"Another Obamination" - New England Facing Power Shortage This Winter.(Spectator).
“Get ready for the New England power shortage,” reads the headline in The Spectator. “Governors are already meeting in emergency session.”
“In a hell-bent campaign to rid itself of any form of dirty, messy “non-renewable” energy, New England has been closing down coal and oil plants for the last decade,” the article warns. “In 2000, 18 percent of New England’s electricity came from coal and 22 percent from oil. Today it’s 3 percent coal and 1 percent oil. Meanwhile, natural gas — the fuel that everybody loves until you have to drill for it — has risen from 15 percent to a starkly vulnerable 52 percent, just behind California.
Last week the governors of the six New England states met in an emergency session at Bretton Woods, New Hampshire, to discuss what to do about the pending crisis. Significantly, they asked the premiers of five of Canada’s provinces to attend. That makes sense because if the region is going to get electricity from anywhere it is probably going to be from north of the border.

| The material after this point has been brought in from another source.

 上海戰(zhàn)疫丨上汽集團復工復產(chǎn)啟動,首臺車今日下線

“There’s only one problem. New England doesn’t have the pipelines to bring in the gas.”It’s not as if it’s not needed. Last winter, when record low temperatures hit, there just wasn’t enough gas to go around. Utilities that service home heating have long-term contracts and get first dibs. You can’t stockpile gas the way you stockpile coal, so power plant operators were left bidding against each other for what was left. Prices skyrocketed from $4 per mBTU to an unbelievable $79 per mBTU and electricity prices spiked to ten times their normal level. Just to put things in perspective, during the first four months of last winter, New England spent $5.1 billion on electricity. In the whole of 2012, it had spent only $5.2 billion.

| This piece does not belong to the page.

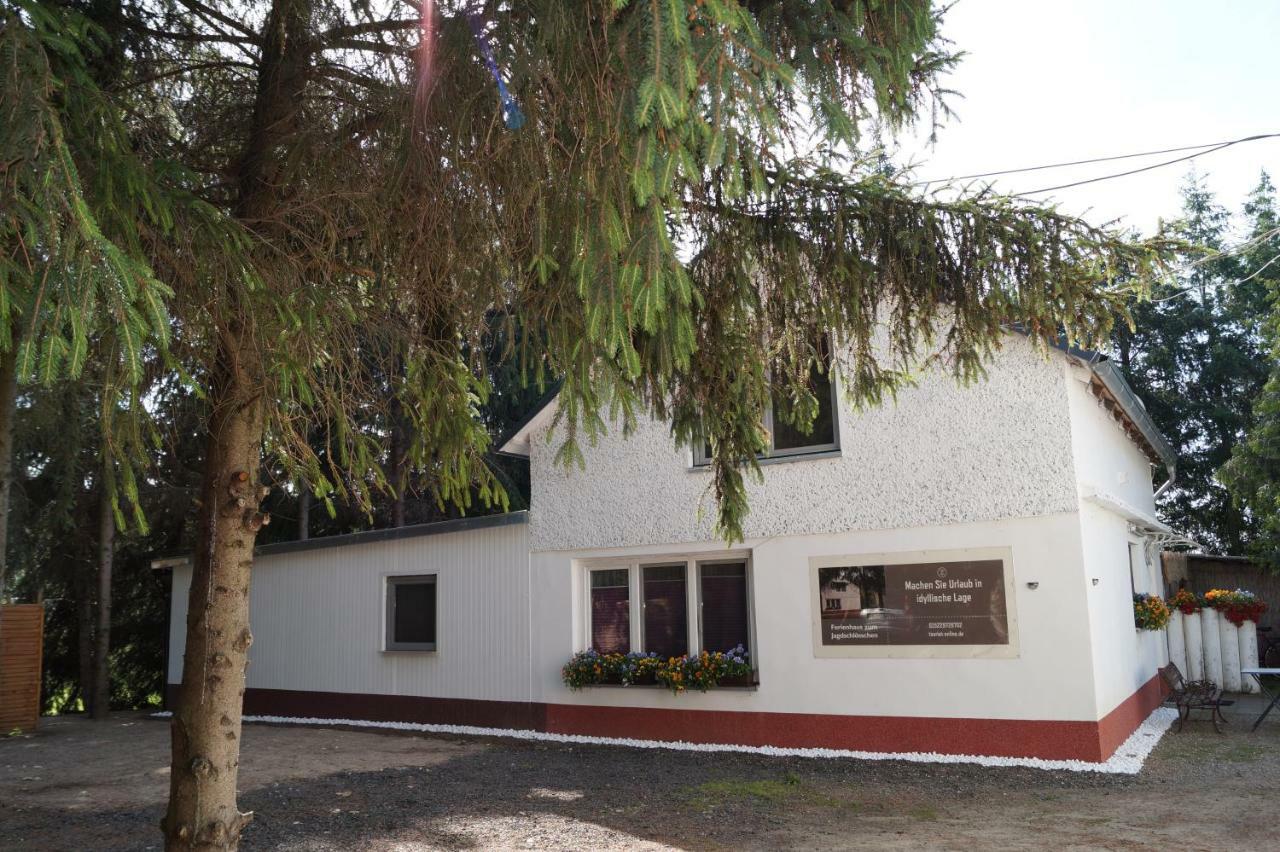 Ferienhaus Zum Jagdschlosschen Letschin Kültér fotó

So what is likely to happen? Another cold winter is certain to bring skyrocketing prices and possible brownouts. New Englanders already pay 45 percent higher electric bills than the rest of the country and that figure can only grow. The first region of the country to industrialize is about the drive away the last of its blue-collar workshops.
One thing the region will not run short of, however, is political bluster. When the New England States Committee on Electricity (NESCOE) tried to broker a deal to have ratepayers finance a collectively owned gas pipeline, the volunteer organization was lambasted for “conspiring with industry to produce profits” and “failing to consider all the renewable alternatives.” When the crisis finally arrives this winter or next, you can be sure Vermont’s socialist Senator Bernie Sanders will be at the head of the pack, braying that the whole thing has been caused by “speculators.”